Work to complete:
Output exactly the lines below, starting with the line that has "MEXICAN TRIBAL FIGURAL" and going on through the line that has "Amarpies. Sandalia Confort Mujer En Beig", both included, and no other lines.

Exercise inputs:
########
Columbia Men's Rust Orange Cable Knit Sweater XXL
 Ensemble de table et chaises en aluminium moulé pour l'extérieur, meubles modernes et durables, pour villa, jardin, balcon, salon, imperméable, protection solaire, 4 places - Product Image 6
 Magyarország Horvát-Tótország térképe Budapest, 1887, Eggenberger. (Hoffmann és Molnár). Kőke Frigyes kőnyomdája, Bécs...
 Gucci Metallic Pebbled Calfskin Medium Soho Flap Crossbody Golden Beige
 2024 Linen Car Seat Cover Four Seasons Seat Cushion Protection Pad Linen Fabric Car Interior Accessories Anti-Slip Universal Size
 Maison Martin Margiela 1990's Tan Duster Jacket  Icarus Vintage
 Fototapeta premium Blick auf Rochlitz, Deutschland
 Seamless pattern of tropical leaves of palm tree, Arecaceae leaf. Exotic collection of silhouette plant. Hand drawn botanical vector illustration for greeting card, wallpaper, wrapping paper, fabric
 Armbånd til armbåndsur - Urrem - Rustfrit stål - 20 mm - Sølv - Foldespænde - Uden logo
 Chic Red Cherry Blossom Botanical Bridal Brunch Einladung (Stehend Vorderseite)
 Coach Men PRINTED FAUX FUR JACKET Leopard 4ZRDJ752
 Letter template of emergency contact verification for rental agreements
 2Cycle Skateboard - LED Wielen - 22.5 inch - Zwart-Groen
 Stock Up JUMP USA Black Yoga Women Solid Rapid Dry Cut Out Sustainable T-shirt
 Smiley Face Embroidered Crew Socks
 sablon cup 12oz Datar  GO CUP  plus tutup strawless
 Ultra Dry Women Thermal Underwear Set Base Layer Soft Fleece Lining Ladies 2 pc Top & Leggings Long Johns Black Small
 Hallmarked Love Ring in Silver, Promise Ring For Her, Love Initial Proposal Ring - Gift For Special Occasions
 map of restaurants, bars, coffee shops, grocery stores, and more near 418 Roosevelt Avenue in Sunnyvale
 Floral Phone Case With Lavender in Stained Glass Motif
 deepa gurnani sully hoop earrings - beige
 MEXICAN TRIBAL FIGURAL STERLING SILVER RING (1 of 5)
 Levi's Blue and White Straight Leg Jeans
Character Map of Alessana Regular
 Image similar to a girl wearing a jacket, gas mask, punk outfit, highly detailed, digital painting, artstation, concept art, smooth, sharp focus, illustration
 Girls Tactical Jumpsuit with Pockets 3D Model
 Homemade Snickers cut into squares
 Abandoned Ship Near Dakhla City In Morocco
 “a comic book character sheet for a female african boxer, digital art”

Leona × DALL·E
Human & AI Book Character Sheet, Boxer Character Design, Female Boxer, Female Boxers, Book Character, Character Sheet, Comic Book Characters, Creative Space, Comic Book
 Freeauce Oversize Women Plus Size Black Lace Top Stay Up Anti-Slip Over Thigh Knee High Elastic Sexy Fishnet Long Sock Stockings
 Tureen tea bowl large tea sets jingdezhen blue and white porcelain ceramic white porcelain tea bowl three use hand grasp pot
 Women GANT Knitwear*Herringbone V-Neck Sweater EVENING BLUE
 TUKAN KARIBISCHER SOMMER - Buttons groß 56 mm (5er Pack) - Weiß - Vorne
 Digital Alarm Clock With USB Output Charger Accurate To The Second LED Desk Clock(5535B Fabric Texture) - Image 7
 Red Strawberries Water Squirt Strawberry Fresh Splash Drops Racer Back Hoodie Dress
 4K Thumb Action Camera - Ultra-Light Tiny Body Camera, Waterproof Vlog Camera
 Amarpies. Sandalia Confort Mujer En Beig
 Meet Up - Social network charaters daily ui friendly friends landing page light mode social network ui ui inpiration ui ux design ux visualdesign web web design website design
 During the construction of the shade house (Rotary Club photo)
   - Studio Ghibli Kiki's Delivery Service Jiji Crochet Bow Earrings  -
########
Exercise response:
 MEXICAN TRIBAL FIGURAL STERLING SILVER RING (1 of 5)
 Levi's Blue and White Straight Leg Jeans
Character Map of Alessana Regular
 Image similar to a girl wearing a jacket, gas mask, punk outfit, highly detailed, digital painting, artstation, concept art, smooth, sharp focus, illustration
 Girls Tactical Jumpsuit with Pockets 3D Model
 Homemade Snickers cut into squares
 Abandoned Ship Near Dakhla City In Morocco
 “a comic book character sheet for a female african boxer, digital art”

Leona × DALL·E
Human & AI Book Character Sheet, Boxer Character Design, Female Boxer, Female Boxers, Book Character, Character Sheet, Comic Book Characters, Creative Space, Comic Book
 Freeauce Oversize Women Plus Size Black Lace Top Stay Up Anti-Slip Over Thigh Knee High Elastic Sexy Fishnet Long Sock Stockings
 Tureen tea bowl large tea sets jingdezhen blue and white porcelain ceramic white porcelain tea bowl three use hand grasp pot
 Women GANT Knitwear*Herringbone V-Neck Sweater EVENING BLUE
 TUKAN KARIBISCHER SOMMER - Buttons groß 56 mm (5er Pack) - Weiß - Vorne
 Digital Alarm Clock With USB Output Charger Accurate To The Second LED Desk Clock(5535B Fabric Texture) - Image 7
 Red Strawberries Water Squirt Strawberry Fresh Splash Drops Racer Back Hoodie Dress
 4K Thumb Action Camera - Ultra-Light Tiny Body Camera, Waterproof Vlog Camera
 Amarpies. Sandalia Confort Mujer En Beig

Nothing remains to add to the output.